The rate hike went into effect on Oct. 1 and has increased the average residential customer’s monthly bill from approximately $58 to $76. For NMU, the electric bill from last month depicts a 34.14 percent increase. The increase for BLP customers for electricity per kilowatt hour will be in effect for the entire year. The increased rate amount is applied to the energy consumption customers typically use within a month on their utility bill.
“Our consumption was less but our bill was more,” said Kathy Richards, associate vice president of engineering and planning facilities.
Facility improvement measures started in 2010 when NMU first became concerned with consumption of electricity, gas and water. Starting with the Jacobetti Complex and the University Center, by 2015, NMU had completed performance contracting for 12 campus buildings to conserve on utilities.
This initiative helped reduce the overall electric consumption by 15 percent at NMU, Richards said.
“If we hadn’t done that, we would be spending $750,000 more a year,” she added.
Looking ahead, Richards said NMU is always looking at ways to improve their systems that help to reduce consumption. However, it requires up-front dollars most of the time to make improvements, so simply being mindful of electric consumption can go a long way.
“Right now we’re not producing any of our own electricity but what we can do in the future is to be conscious of our electric consumption and take efforts to reduce how much we are using,” Richards said.
Ultimately, the higher utility costs were not a result of NMU’s consumption but rather the rate increase that was set by BLP.
“But, everybody on campus can help to reduce the impact of the rate increase by being conscientious about how much we’re using electricity and only using it as necessary and using it efficiently,” Richards said.
Consolidating the use of electrical appliances in offices or dorms on campus will help to keep electric costs low, she added.
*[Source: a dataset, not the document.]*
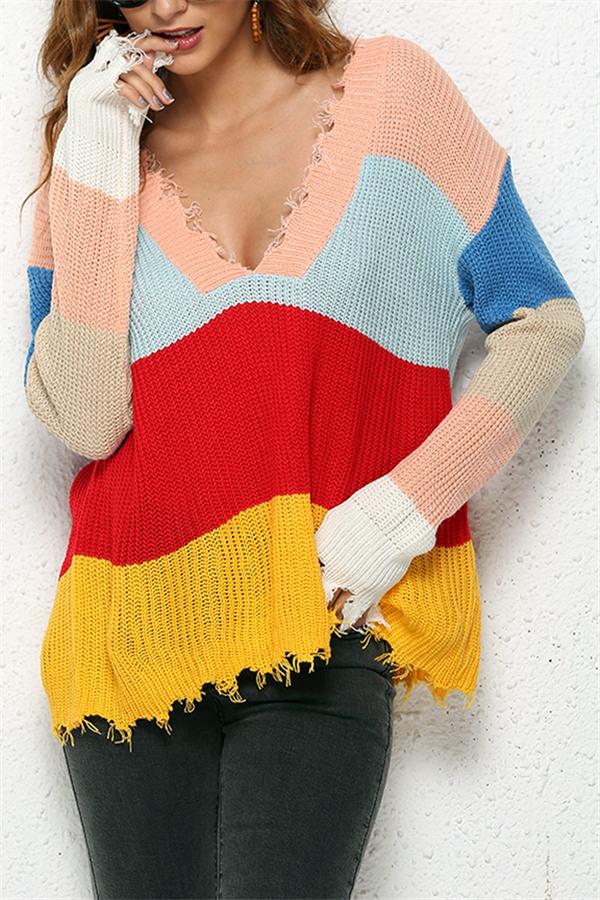 Creamtopmall Distressed Versatile Sweater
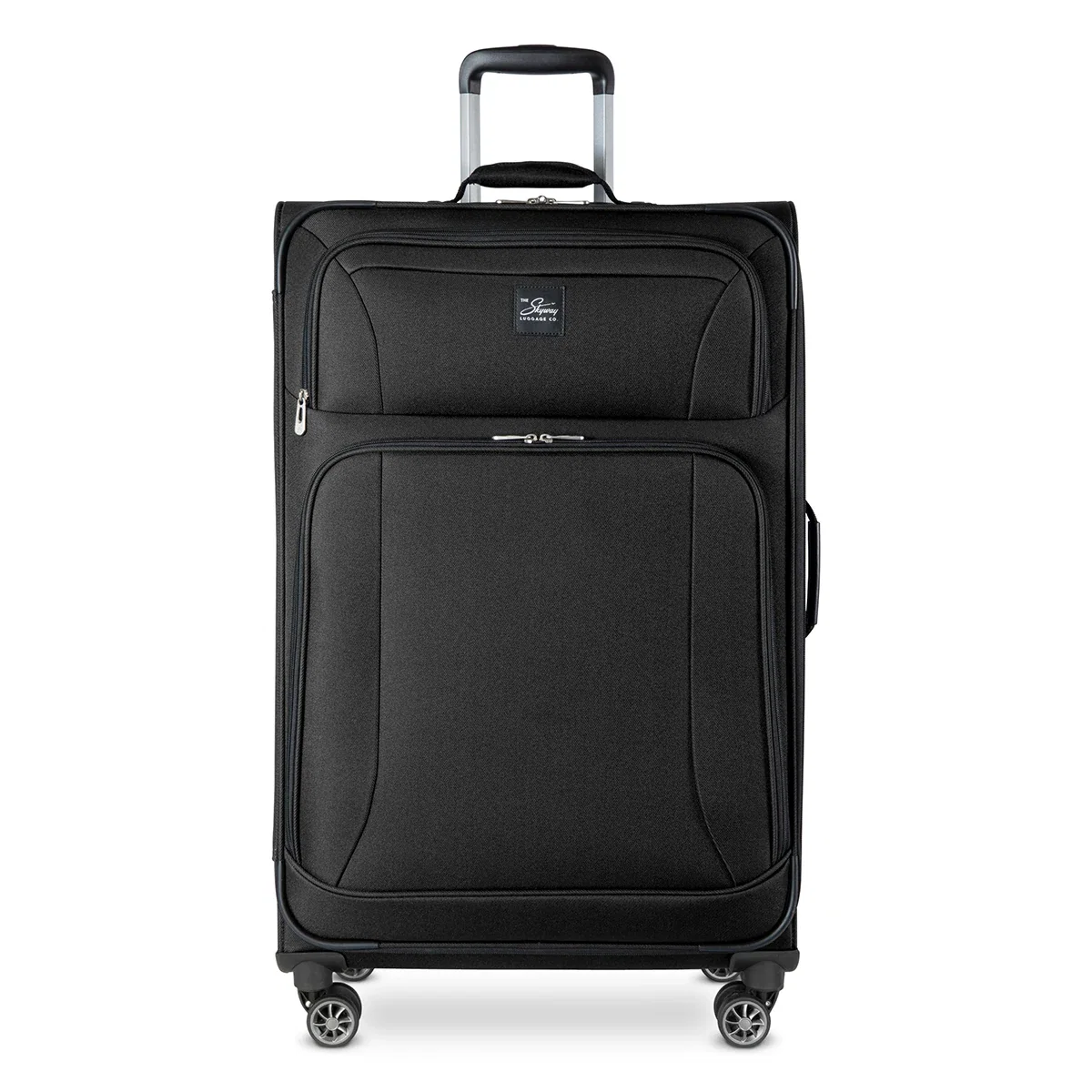 Telescoping pull handle extended above the packed case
Richards encourages staff and campus residents to unplug appliances that use electricity without being turned on over Thanksgiving break.
“Moving forward, what we pay will depend on what the [BLP] rate increases and so far they haven’t said what next year’s rate adjustment will be yet,” Richards said.
David Lynch, assistant director of utility operations at BLP said the rates are permanent at this point until the next cost-of-service study is approved through the city commission. He said BLP was in need to add a new generators due to transmission constraints that came from using diesel as a primary source for delivering electricity.
“We looked to construct a facility to meet our needs and our customers’ needs,” Lynch said. “The estimates for that drove the need for the increase to pay for the asset.”
Lynch said the intent is to run the new generators solely on natural gas because it’s a “much cleaner” energy source with less emission than diesel fuel. He said due to the area, however, with Marquette located at the end of a natural gas pipeline, BLP opted for dual-fuel engines on the generators that can switch between natural gas and diesel if for any reason the generators malfunction.
The Marquette Energy Center is expected to be completed and fully operational by June 1, 2017.
Lynch said the rate increase has greatly helped BLP with the advancement of the project.
“It’s enabled us to proceed with construction, which will provide customers with an asset for 50 years while substantially reducing emissions,” he said.